The S&P 500 Index jumped the most in two months after sinking 2.5 percent Friday, holding gains after Brainard urged “prudence” in removing accommodation. The dollar fell for the first time in four sessions as the odds for a rate hike next week slid to 22 percent. Ten-year Treasuries remained little changed, with yields near 1.68 percent. Shares in Europe and Asia, which were closed Friday when the selloff began, dropped Monday. Emerging-market equities tumbled 2 percent, while oil rebounded past $46 a barrel.

Brainard counseled continued prudence in tightening monetary policy, even as she said the economy is making gradual progress toward achieving the central bank’s goals. Her comments come after financial markets were jolted last week out of a period of calm by an uptick in concern over the outlook for central bank.

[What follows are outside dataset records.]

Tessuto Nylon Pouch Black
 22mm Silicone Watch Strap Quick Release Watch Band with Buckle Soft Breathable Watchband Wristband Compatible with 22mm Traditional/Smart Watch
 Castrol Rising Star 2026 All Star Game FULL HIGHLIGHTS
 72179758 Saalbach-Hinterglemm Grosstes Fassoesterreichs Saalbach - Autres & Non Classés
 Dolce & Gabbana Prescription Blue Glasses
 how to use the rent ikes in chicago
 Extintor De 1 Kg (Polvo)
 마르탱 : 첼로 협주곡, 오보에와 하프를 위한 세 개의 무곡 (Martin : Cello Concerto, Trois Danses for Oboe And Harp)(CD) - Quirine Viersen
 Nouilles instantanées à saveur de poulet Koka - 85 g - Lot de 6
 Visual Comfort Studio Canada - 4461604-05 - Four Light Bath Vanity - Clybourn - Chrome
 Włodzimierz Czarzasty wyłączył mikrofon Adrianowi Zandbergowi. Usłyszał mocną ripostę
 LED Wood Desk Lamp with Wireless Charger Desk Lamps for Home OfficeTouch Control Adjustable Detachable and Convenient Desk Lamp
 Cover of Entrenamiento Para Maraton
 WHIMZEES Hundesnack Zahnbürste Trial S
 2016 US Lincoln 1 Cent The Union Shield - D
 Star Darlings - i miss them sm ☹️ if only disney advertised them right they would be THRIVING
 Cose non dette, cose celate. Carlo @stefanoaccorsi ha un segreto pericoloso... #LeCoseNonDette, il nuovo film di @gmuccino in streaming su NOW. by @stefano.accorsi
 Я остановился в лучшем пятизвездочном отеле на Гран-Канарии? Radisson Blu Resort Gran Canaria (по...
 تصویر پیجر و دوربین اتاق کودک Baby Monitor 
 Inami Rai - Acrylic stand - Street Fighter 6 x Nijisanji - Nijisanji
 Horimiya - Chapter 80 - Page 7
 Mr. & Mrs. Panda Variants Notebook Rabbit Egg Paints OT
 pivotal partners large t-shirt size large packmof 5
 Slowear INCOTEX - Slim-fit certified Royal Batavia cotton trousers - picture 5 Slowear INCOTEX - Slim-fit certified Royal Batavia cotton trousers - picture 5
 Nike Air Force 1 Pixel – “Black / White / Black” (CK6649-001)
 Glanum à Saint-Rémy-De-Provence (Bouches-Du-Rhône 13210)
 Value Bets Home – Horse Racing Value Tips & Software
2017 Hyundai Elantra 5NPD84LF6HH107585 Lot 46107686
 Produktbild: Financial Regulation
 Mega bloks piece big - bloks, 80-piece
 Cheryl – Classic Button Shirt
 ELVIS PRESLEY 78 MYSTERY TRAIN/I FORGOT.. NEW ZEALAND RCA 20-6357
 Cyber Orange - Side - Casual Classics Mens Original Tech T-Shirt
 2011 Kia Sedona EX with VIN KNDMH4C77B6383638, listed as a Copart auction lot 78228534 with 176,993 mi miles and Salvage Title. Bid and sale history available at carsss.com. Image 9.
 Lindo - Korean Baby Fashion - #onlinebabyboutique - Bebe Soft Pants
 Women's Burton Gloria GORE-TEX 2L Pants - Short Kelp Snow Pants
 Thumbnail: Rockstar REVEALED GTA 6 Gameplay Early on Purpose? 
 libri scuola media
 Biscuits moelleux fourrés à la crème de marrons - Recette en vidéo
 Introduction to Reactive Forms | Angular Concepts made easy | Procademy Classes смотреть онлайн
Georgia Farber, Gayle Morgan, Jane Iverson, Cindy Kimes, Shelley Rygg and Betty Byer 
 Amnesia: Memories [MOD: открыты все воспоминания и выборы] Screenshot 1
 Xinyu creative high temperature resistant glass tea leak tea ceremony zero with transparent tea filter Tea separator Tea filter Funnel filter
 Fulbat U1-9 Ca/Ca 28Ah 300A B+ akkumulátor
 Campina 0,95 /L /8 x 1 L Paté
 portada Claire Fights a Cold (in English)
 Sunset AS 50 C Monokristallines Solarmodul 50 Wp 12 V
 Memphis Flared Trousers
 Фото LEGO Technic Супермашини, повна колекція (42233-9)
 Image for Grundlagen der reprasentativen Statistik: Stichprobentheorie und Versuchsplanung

Brainard, a member of the board of governors, is the last speaker before next week’s Fed meeting.

“It looks like maybe things got out of hand on Friday afternoon without a lot of people around and maybe it’s moderating now,” Andrew Brenner, the head of international fixed income for National Alliance Capital Markets, said by phone. “Stocks, bonds, it’s all connected right now and it all depends on what happens when the Brainard text is released later today.”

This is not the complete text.